Extended Data Figure 8. Tumor Growth is Inhibited in Treg-specific Usp22 Knockout Mice in Multiple Cancer Models.

a) Left: Representative flow cytometric analysis of splenic IFNγ in CD8⁺ T cells from EG7 tumor-bearing Usp22^+/+Foxp3^YFP-Cre WT or Usp22^fl/flFoxp3^YFP-Cre KO. Right: Statistical analysis of IFNγ production by splenic CD8+ T cells from EG7 tumor-bearing Usp22^+/+Foxp3^YFP-Cre WT or Usp22^fl/flFoxp3^YFP-Cre KO.

b) Left: Representative flow cytometric analysis of splenic Granzyme B (GrzB) in CD8⁺ T cells from EG7 tumor-bearing Usp22^+/+Foxp3^YFP-Cre WT or Usp22^fl/flFoxp3^YFP-Cre KO. Right: Statistical analysis of Granzyme B production by splenic CD8+ T cells from EG7 tumor-bearing Usp22^+/+Foxp3^YFP-Cre WT or Usp22^fl/flFoxp3^YFP-Cre KO.

c) The MFI of various Treg markers (as indicated) from splenic CD4⁺Foxp3⁺ Tregs from Usp22^+/+Foxp3^YFP-Cre WT or Usp22^fl/flFoxp3^YFP-Cre KO EG7 tumor-bearing mice, assessed by flow cytometry.

d) qPCR analysis of Ifng, Gzmb and Cd8a mRNA levels in the tumor tissue of Usp22^+/+Foxp3^YFP-Cre WT or Usp22^fl/flFoxp3^YFP-Cre KO EG7 tumor-bearing mice.

e) Tumor volumes from Usp22^+/+Foxp3^YFP-Cre WT or Usp22^fl/flFoxp3^YFP-Cre KO mice subcutaneously inoculated with 5×10⁴ B16 melanoma cells. For e, h, k, tumor volumes were measured every 2–3 days by scaling along 3 orthogonal axes (x, y, and z) and calculated as (xyz)/2.

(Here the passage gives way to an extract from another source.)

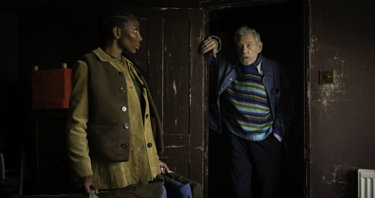 A still from the film "The Christophers": A women wearing a brown waistcoat looks over at an elderly man wearing a blue striped jumper
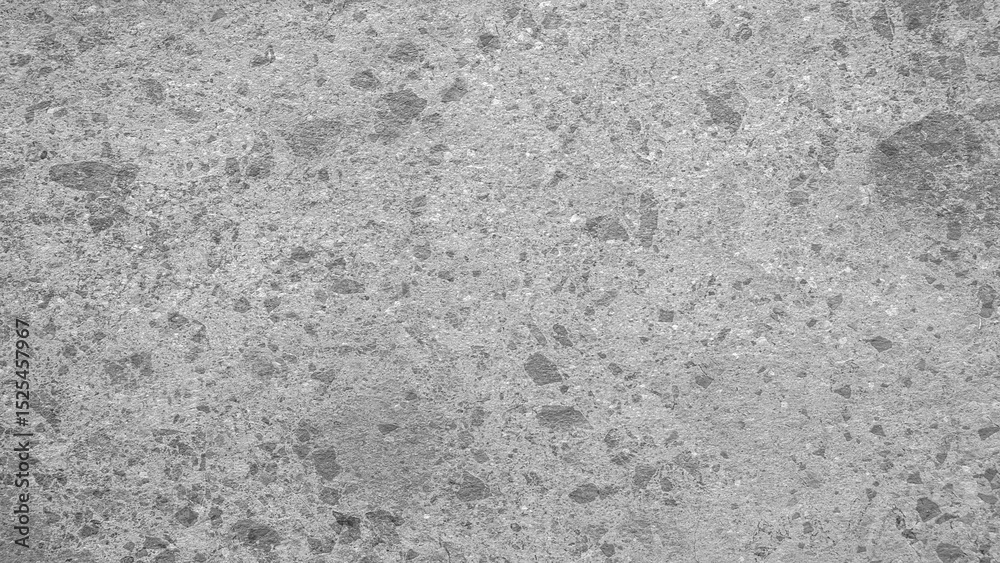 Aufkleber A grey and white background with a few small dots scattered throughout. The background is a solid grey color, while the dots are small and white. The overall effect is a simple and minimalistic look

f) The MFI of various Treg markers (as indicated) from splenic CD4⁺Foxp3⁺ Tregs in Usp22^+/+Foxp3^YFP-Cre WT or Usp22^fl/flFoxp3^YFP-Cre KO B16 tumor-bearing mice, assessed by flow cytometry.

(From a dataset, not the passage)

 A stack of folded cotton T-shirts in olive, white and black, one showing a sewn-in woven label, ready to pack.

g) Foxp3 MFI of Foxp3⁺ cells from tumor-infiltrating Tregs in Usp22^+/+Foxp3^YFP-Cre WT or Usp22^fl/flFoxp3^YFP-Cre KO B16 tumor-bearing mice.

h) Tumor volumes from Usp22^+/+Foxp3^YFP-Cre WT or Usp22^fl/flFoxp3^YFP-Cre KO mice subcutaneously inoculated with 1×10⁶ LLC1 Lewis lung carcinoma cells.

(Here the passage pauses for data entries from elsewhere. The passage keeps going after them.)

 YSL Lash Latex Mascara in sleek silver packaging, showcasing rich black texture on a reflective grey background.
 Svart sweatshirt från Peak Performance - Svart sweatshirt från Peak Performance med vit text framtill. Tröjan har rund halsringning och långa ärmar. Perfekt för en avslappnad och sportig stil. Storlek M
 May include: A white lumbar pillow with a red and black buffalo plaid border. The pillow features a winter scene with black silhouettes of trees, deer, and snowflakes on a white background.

i) The MFI of various Treg markers (as indicated) from splenic CD4⁺Foxp3⁺ Tregs in Usp22^+/+Foxp3^YFP-Cre WT or Usp22^fl/flFoxp3^YFP-Cre KO LLC1 tumor-bearing mice, assessed by flow cytometry.

j) Foxp3 MFI of Foxp3⁺ cells from tumor-infiltrating Tregs in Usp22^+/+Foxp3^YFP-Cre WT or Usp22^fl/flFoxp3^YFP-Cre KO LLC1 tumor-bearing mice.

k) Tumor volumes from Usp22^+/+Foxp3^YFP-Cre WT or Usp22^fl/flFoxp3^YFP-Cre KO mice subcutaneously inoculated with 1×10⁶ MC38 colon adenocarcinoma cells.

l) The MFI of various Treg markers (as indicated) from splenic CD4⁺Foxp3⁺ Tregs in Usp22^+/+Foxp3^YFP-Cre WT or Usp22^fl/flFoxp3^YFP-Cre KO MC38 tumor-bearing mice, assessed by flow cytometry.

m) Foxp3 MFI of Foxp3⁺ cells from tumor-infiltrating Tregs in Usp22^+/+Foxp3^YFP-Cre WT or Usp22^fl/flFoxp3^YFP-Cre KO MC38 tumor-bearing mice.

All data are presented as mean ±SEM. ns indicates no significant difference, *P < 0.05, **P < 0.01, ***P < 0.001, ****P < 0.0001. The exact sample sizes (n), p-values, statistical tests and number of times the experiment was replicated can be found in the “Statistics and Reproducibility” section.